Reproduce each line from the records that holds "Cute".

**SUPPLIED DATA**.
------------------------------
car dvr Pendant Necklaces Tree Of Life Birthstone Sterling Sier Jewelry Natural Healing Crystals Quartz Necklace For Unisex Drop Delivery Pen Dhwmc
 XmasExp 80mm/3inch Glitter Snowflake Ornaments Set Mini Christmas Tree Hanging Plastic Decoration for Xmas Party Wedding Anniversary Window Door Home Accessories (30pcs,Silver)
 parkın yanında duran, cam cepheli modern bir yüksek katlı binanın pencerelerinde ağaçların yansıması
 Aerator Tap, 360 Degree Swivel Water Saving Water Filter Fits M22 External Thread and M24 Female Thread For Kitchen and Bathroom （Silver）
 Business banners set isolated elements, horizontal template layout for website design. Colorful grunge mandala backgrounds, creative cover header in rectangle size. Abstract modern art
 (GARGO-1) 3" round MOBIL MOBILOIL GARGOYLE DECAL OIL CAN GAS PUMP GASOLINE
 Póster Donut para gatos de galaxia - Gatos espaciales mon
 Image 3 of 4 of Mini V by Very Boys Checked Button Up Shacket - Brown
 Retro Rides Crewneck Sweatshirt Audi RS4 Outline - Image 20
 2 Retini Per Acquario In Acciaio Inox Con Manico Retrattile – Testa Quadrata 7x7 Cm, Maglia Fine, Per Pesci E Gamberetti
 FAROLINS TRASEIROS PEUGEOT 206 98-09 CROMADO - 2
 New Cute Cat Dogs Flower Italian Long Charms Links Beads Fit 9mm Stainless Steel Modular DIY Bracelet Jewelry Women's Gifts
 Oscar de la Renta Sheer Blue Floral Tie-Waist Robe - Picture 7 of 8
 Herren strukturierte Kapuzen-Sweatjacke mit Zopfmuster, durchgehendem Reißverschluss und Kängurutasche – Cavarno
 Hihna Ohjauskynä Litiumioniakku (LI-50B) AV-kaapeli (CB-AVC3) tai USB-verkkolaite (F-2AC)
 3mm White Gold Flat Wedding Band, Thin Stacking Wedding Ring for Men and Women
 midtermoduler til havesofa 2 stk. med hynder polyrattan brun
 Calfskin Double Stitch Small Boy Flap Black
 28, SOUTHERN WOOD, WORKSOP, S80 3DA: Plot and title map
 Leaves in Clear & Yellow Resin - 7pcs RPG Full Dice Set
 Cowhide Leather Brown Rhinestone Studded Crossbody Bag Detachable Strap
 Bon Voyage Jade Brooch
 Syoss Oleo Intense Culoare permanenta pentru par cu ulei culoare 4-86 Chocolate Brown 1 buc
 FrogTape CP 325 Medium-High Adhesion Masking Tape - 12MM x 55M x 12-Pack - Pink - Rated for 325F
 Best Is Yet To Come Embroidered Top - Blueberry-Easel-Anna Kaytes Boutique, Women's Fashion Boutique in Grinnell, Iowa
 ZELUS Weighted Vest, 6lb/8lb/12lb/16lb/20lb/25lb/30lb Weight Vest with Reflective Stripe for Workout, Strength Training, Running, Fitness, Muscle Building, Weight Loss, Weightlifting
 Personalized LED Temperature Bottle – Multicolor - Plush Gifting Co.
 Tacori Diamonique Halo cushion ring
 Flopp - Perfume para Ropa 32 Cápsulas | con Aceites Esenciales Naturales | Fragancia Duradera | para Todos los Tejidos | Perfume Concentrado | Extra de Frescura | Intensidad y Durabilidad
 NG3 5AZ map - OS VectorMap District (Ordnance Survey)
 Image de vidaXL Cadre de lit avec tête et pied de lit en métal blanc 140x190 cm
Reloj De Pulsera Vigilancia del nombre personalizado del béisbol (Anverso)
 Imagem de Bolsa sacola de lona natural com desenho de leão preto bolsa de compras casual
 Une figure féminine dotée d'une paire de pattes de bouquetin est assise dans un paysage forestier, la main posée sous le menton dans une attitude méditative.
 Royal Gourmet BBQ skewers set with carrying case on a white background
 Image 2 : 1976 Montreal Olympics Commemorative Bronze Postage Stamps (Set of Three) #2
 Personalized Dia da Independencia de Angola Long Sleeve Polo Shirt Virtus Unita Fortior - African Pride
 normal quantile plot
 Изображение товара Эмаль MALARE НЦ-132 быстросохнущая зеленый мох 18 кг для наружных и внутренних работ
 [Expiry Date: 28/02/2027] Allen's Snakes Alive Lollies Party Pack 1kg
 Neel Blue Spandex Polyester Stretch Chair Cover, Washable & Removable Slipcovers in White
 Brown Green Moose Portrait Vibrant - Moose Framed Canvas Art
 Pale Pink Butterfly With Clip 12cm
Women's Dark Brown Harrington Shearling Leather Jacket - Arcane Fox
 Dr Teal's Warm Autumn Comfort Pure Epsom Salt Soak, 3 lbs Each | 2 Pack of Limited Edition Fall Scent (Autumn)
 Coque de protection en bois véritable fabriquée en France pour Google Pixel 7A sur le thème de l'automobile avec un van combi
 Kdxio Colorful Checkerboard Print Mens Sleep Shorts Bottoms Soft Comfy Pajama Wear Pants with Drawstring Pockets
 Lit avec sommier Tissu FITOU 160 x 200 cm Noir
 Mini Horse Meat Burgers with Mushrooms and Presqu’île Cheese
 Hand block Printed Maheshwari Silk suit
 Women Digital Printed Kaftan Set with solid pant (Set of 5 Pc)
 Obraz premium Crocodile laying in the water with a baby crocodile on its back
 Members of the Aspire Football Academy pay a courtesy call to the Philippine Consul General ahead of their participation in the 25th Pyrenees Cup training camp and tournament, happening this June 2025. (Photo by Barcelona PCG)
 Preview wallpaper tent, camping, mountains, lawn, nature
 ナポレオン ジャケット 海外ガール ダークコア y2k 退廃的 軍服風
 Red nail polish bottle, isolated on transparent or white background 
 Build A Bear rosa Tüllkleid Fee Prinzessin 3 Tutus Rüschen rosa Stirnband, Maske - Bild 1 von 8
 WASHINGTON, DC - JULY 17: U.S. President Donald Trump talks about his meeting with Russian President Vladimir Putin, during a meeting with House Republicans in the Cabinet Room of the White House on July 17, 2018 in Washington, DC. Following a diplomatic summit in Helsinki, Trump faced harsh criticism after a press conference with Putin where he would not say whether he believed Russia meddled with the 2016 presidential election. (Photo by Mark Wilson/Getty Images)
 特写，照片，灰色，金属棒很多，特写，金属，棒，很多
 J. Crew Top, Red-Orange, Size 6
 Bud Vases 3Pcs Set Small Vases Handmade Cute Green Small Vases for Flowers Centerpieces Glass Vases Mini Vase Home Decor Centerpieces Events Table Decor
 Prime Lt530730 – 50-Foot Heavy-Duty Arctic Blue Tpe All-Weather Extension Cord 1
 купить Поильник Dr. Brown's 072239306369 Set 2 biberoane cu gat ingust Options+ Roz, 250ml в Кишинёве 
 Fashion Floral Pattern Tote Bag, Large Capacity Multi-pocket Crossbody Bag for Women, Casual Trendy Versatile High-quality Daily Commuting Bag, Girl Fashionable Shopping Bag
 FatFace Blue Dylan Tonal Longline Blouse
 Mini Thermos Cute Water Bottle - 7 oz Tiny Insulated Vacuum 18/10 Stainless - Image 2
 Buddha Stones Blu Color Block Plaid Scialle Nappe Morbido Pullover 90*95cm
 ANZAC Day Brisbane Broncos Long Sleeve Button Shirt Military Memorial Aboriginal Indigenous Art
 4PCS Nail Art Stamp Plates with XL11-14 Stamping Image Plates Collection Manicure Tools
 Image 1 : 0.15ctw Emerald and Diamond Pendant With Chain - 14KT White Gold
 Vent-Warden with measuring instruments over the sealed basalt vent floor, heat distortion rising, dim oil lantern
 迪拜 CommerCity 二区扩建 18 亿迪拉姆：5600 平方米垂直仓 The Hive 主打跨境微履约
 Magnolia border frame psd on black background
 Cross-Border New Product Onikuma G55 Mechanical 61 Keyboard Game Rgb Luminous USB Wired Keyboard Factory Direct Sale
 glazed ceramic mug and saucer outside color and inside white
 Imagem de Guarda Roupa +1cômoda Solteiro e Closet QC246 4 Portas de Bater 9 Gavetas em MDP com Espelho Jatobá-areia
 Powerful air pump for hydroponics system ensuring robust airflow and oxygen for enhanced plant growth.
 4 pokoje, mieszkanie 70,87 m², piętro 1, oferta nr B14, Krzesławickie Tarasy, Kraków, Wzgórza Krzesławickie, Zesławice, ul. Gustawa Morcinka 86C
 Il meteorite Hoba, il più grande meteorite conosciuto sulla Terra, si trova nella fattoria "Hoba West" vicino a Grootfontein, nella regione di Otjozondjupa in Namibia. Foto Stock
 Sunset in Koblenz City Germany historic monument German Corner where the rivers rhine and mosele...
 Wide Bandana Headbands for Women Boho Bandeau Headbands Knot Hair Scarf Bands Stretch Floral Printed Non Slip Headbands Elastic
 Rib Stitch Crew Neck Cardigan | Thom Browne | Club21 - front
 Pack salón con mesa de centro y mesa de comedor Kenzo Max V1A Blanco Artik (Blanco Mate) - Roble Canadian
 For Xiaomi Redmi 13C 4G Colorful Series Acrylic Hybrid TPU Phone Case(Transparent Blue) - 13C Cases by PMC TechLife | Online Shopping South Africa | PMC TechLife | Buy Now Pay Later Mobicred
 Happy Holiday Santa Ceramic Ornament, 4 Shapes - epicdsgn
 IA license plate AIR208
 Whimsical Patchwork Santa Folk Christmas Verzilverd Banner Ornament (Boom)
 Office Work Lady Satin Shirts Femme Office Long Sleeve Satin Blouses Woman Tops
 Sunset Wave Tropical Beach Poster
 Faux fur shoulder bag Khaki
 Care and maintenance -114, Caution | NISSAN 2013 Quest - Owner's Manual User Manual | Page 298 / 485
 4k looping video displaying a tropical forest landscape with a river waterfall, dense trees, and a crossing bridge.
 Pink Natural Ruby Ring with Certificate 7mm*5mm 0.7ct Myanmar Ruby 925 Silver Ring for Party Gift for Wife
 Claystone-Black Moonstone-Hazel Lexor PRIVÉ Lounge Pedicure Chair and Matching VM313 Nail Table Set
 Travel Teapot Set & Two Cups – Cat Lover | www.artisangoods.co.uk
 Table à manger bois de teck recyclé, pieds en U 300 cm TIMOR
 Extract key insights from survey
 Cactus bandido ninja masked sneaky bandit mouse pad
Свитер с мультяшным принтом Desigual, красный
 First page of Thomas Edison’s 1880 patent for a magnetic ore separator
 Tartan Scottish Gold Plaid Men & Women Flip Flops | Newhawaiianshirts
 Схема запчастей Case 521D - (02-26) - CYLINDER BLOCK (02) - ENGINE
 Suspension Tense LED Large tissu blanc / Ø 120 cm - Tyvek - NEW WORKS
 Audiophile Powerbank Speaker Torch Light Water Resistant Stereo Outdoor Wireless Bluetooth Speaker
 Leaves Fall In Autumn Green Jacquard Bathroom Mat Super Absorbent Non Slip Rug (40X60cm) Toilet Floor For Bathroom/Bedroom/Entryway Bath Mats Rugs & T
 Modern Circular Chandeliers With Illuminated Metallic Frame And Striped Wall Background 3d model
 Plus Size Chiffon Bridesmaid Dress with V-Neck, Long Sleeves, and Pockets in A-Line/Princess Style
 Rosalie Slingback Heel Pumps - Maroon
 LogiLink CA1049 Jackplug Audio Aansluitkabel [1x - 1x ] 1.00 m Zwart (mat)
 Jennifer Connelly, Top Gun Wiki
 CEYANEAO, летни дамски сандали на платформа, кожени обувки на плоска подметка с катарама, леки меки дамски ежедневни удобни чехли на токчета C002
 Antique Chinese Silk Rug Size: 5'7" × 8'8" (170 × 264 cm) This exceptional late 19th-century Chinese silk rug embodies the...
------------------------------
**SOLUTION FOR THIS EXERCISE**.
 New Cute Cat Dogs Flower Italian Long Charms Links Beads Fit 9mm Stainless Steel Modular DIY Bracelet Jewelry Women's Gifts
 Bud Vases 3Pcs Set Small Vases Handmade Cute Green Small Vases for Flowers Centerpieces Glass Vases Mini Vase Home Decor Centerpieces Events Table Decor
 Mini Thermos Cute Water Bottle - 7 oz Tiny Insulated Vacuum 18/10 Stainless - Image 2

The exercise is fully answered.